Além de fazer essa classificação de "elevado risco", o parecer da PSP enviado na tarde desta sexta-feira ao gabinete de Carlos Moedas recomendava a alteração do percurso para que não se desenvolvesse numa área predominantemente habitada por cidadãos imigrantes, evitando-se assim um possível confronto directo entre manifestantes e os alvos da sua contestação. Mas não era apresentada qualquer alternativa, já que isso compete à autarquia e, em especial, ao presidente da Câmara, Carlos Moedas, que é quem tem competência única e directa sobre o assunto.

A marcha "Contra a islamização da Europa", organizada por grupos ligados à extrema-direita e marcada para as 18h do dia 3 de Fevereiro, desenrolava-se no Intendente e Martim Moniz, com grande concentração de habitantes e estabelecimentos comerciais de imigrantes, e até alguns locais de culto religioso. A página Racismo contra Europeus no X (ex-Twitter) alegava que são as "ruas com mais imigrantes do país, sobretudo de origem islâmica", e que estas comunidades "têm de sentir que não são bem-vindas". Um tipo de discurso que, por si só, demonstra o elevado nível de risco do evento.

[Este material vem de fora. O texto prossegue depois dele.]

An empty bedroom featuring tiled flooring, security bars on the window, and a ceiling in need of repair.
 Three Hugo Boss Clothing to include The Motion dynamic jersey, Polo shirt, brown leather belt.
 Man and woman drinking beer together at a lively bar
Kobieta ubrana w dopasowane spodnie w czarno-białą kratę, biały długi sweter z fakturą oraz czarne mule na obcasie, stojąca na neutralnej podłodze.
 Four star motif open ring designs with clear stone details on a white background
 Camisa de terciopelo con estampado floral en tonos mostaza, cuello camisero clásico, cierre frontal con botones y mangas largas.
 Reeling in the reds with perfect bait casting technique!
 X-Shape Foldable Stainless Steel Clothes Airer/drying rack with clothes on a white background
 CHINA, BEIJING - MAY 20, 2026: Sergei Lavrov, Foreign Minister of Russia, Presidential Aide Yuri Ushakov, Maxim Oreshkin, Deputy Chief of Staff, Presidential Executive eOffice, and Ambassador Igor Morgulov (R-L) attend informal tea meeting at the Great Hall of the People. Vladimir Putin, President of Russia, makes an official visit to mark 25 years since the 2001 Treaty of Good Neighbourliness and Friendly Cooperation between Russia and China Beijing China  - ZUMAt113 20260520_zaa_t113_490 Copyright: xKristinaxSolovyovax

De acordo com a organização, a marcha teria início no chafariz do Intendente, seguia pela Rua do Benformoso (uma artéria muito estreita), Rua Fernandes da Fonseca (área norte do Martim Moniz), Rua da Palma (onde se situa a sede do Bloco de Esquerda) e regressava ao chafariz do Intendente.

A manifestação foi censurada por diversos sectores, nomeadamente de colectivos anti-racistas e de apoio aos imigrantes, mas também da ministra dos Assuntos Parlamentares, que tem a pasta da igualdade e migrações​. A Câmara de Lisboa aprovou um voto de condenação do evento, uma carta aberta apelou à sua proibição, e o movimento SOS Racismo fez uma queixa-crime no Ministério Público.

Ao PÚBLICO, dois constitucionalistas defenderam que as regras constitucionais não permitem a proibição de uma manifestação, mesmo que ela tenha por base uma ideologia racista, xenófoba ou fascista, ainda que a Constituição proíba a existência de "organizações racistas ou que perfilhem a ideologia racista". Tanto Jorge Bacelar Gouveia como Vitalino Canas recusam a aplicação, "por analogia", do princípio sobre organizações às manifestações.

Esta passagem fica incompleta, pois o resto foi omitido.